Section 4. Whenever a vacancy occurs in any office of this Association, and there is an assistant elected for that
office, then he or she shall assume the title and duties of that office in the order of their priority. If there is a
single vacancy at any time to be filled in the above listed offices, the President shall make an appointment to fill
said vacancy. If there is more than one vacancy to be filled then the President shall promptly appoint a
Nominating Committee, or if there is an existing Nominating Committee, shall direct them to prepare a slate to fill
all vacancies and report within one month. The slate shall be published in the newsletter following its
announcement. Petitions for alternate candidates must be submitted in writing to the Secretary, on or before the
next regularly scheduled Association meeting.  The election shall be held during the second meeting following the
publication of the Nominating Committee candidates.  The election process shall be conducted as outlined in
Article III Section 2. If there are no qualified petition candidates, the vacancies may be filled during the second
meeting following the report

of the slate by the nominating committee, by a motion duly made, authorizing the Secretary to cast one ballot for
the slate as presented.

Article IV

President

Section 1. The President shall preside at all meetings of the Board of Directors. He is to perform such other
duties as usually pertain to the office of President, as well as those delegated to him by the Board of Directors.

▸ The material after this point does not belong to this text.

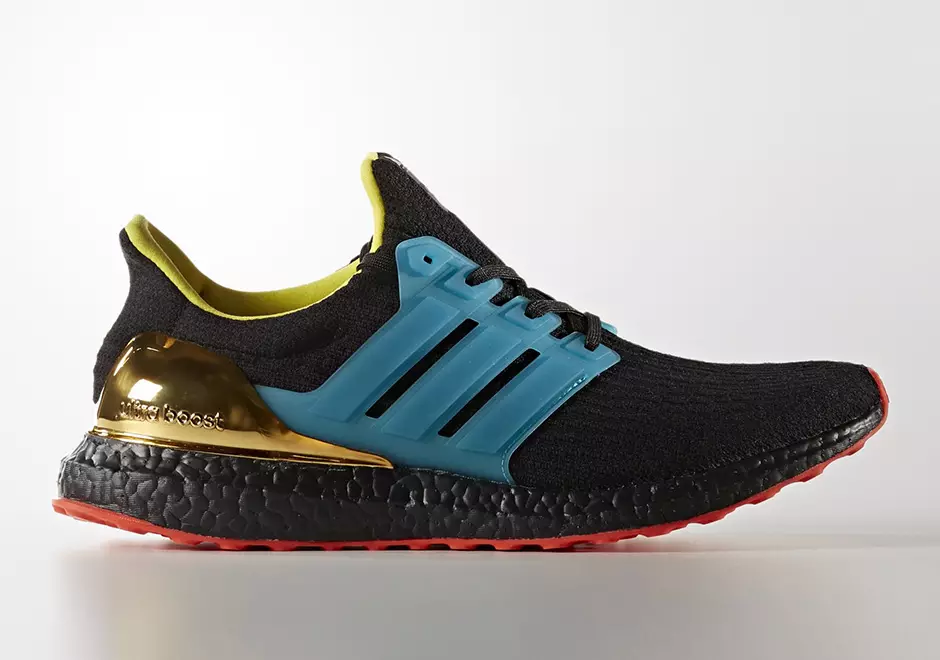 Kolor x adidas Ultra Boost Pack Очаквайте скоро 61346_1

Section 2. The President with the consent of the Board of Directors, shall appoint all necessary committees and
their chairman to carry on the work of the Association. The President shall be a member ex-officio of all
committees, except that he shall not vote as a member of such committee except in case of a deadlock.

Page 4

Article V

Vice Presidents

Section 1. The First and Second Vice Presidents shall perform such duties as maybe assigned to them by the
Board of Directors. In the absence of the President, the Vice Presidents, in order of priority, shall perform the
duties of the President.

Section 2. In addition to Section 1, the First Vice President shall supervise progress of the committee chairman
and offer assistance if, when, where, and how necessary.

Article VI

Secretary

Section 1. The First and/or Second Secretary shall attend all meetings of the Association and of the Board of
Directors and shall keep a true record of the proceedings at such meetings. They shall have custody of all
records, contracts, documents, books papers and correspondence of the Association.

An exception shall be those documents of the Treasurer, or those otherwise directed by the Board of Directors.
They shall notify all members of the Association of every meeting of the Association and each member of the
Board of Directors of every meeting of the Board. They shall perform such duties as usually pertain to the office
of Secretary and such others as may be assigned to them by the Board of Directors.

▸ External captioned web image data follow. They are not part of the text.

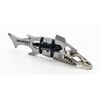 True Utility Sharkey 12-in-1 Key Sized Multi Tool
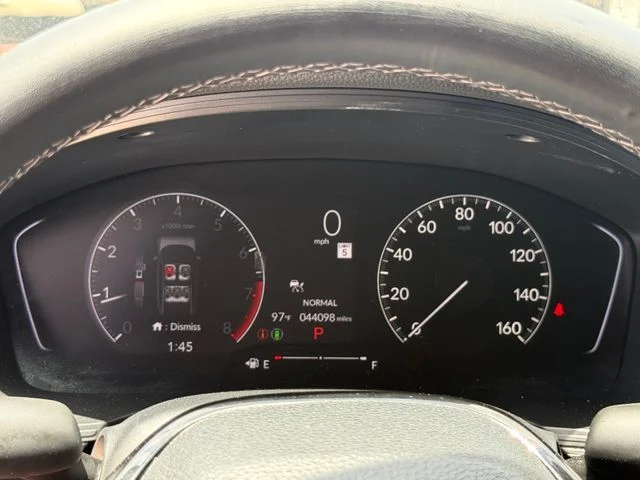 2023 Honda Civic - Image 14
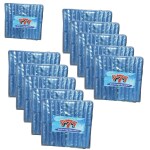 777 Blue Washing Soap 800g 8 Bars Buy 10 Get 1 FREE | Detergent Soap | Laundry Soap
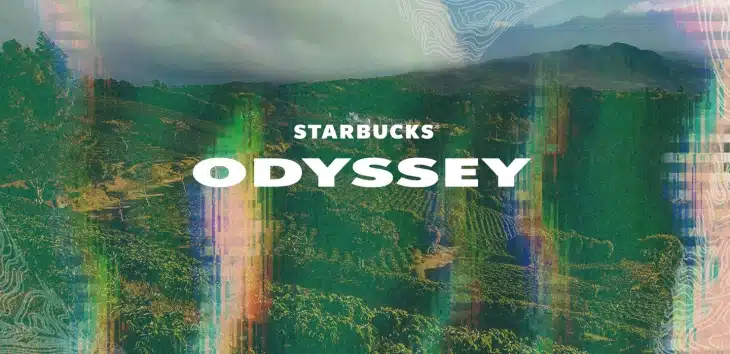 Brewing Innovation: Starbucks Delights Customers with Exclusive NFT Airdrop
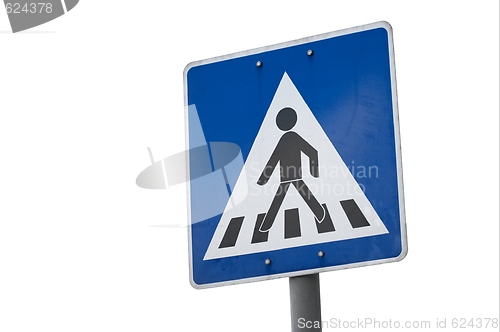 Image of Crossing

Section 2. To remind the Board of Directors to file a Biennial Report to the Secretary of State. Also remind the
President to appoint three club members in good standing to audit the books and report at the annual meeting.

Page 5

Article VII

Treasurer

Section 1. The Treasurer shall have charge of all funds and securities of the Association. He shall keep and
account of all receipts and disbursements.

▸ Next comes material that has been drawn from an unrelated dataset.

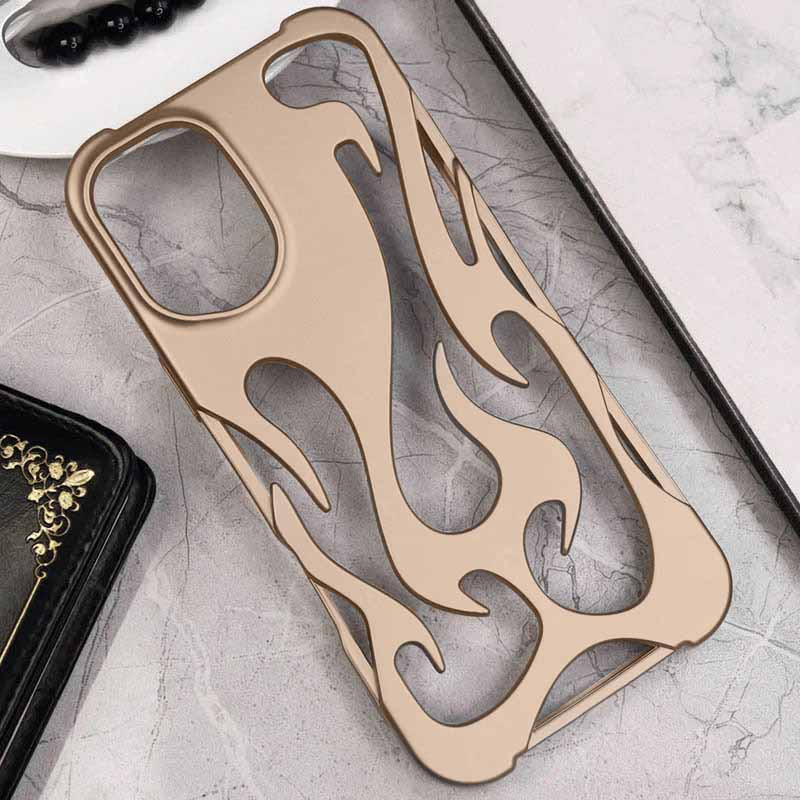 Чохол TPU WinFire для Apple iPhone 14 Pro Max (6.7")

He shall be empowered to establish and maintain a petty cash account not exceeding $150.00, upon which he
may draw with the approval of the President, in order to facilitate the payment of necessary current expenses.

He shall report in detail the financial condition of the Association at each regular and Annual Meetings of the
Association. He shall perform such other duties as usually pertain to the office of Treasurer, as well as those that
may be assigned to him by the Board of Directors.

Section 2. The Treasurer’s accounts shall be audited yearly or when deemed necessary by the Board of
Directors, by an auditing committee appointed by the President. (Also see Article XI Section 9)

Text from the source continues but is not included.